Country star Toby Keith offers Americans advice 20 yrs after his iconic 9/11 anthem: ‘Never apologize’

Country singer Toby Keith posted a video to his Twitter on Saturday to honor the 20th anniversary of 9/11 and encouraged fans to “never forget” and to “always remember” the fateful day.

“On the 20th anniversary of 9/11, let’s all gather our families together and pray that God will keep us safe for the rest of our lives and forever here in the great United States of America,” Keith said in the video.

The lasting message from Keith however, was the advice he imparted on his viewers to “never apologize for being patriotic.”

“We all know where we were during 9/11 and the impact that it had on this world. Let’s never forget. Always remember. Let’s stay vigilant and never apologize for being patriotic. God speed,” Keith told his followers.

The country singer is well known for his own patriotism and wrote “Courtesy of the Red, White and Blue,” a rallying cry and American anthem shortly after the tragedy in 2001.

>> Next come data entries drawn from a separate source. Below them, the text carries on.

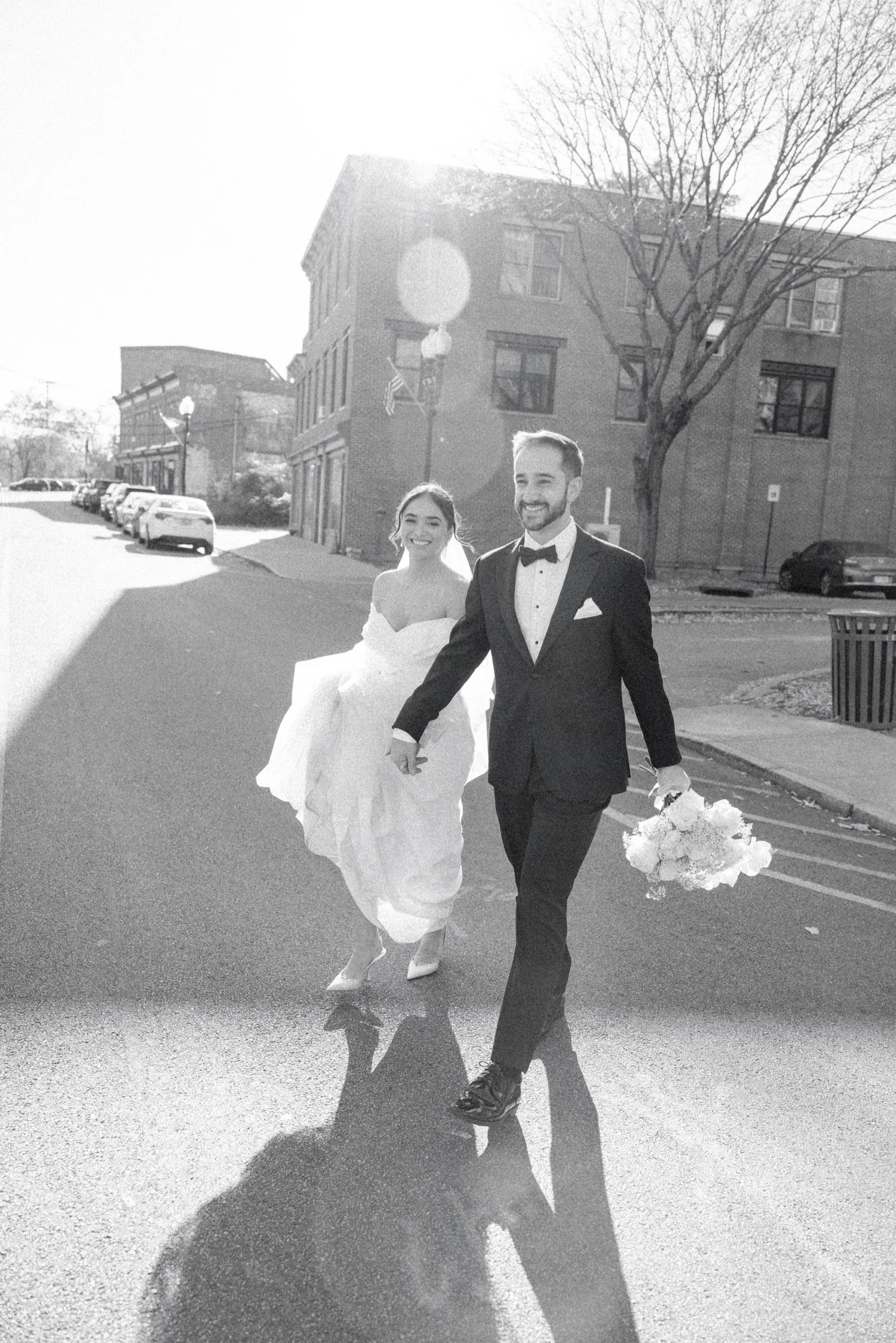 documentary black and white photograph of wedding couple walking across the street in beacon ny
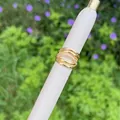Macro shot of 18K gold plated multi-layer intertwined ring with shimmering zircon stones - Multi-circle Intertwined Pave Style
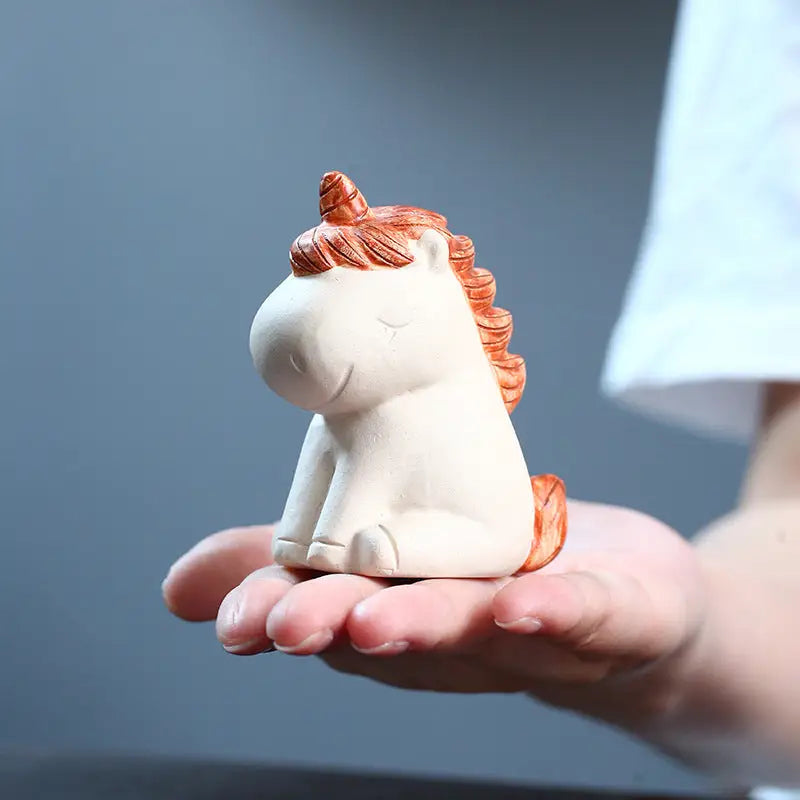 Cute ceramic celestial unicorn figurine from Celestial Unicorn tea pets guide for feng shui energy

Keith talked about his own process of coming to terms with the attacks at a press event according to The Boot.

“I was sitting out there, just a few days after the Towers came down. I was working out in the gym, and I heard these talking heads say, ‘Well, I guess we could bomb them. That would be so the American way, and I was like, ’What just happened to us? Are we supposed to just stand by and let this happen? Could we not be mad as hell about this?'” Keith recalled.

“I wrote [‘Courtesy of the Red, White and Blue’] on the back of a Fantasy Football sheet that was laying there; I just turned it and wrote around the edges and, in about 20 minutes, wrote the lyric out and called it ‘The Angry American.’ When I turned it in, they said, ‘Well, it really doesn’t say ‘angry American’ in there. Why don’t you call it ’Courtesy of the Red, White and Blue?’ So, I did,” the country singer shared.

Keith said that he never planned to release the song because “it was going to cause a storm,” but after playing it for Marines who were being deployed to Afghanistan for the first time at the Pentagon, he was a approached by a commander who told him to release the song as a single because it was “the most amazing battle song I’ve ever heard in my life.”

“At the end of the day, I was like, ‘If it means that much to those guys, then I don’t care. I’ll do it.’ And that’s when we finally decided we were going to release it,” Keith said.

The singer shared some pertinent advice that he remembers from his father, a war veteran who lost his eye while serving.

“Everybody feels like everybody’s getting their toes stepped on these days. Everybody has to have thicker skin, and you can’t be that soft on things. You have to be stronger and know right from wrong, instead of right from left.”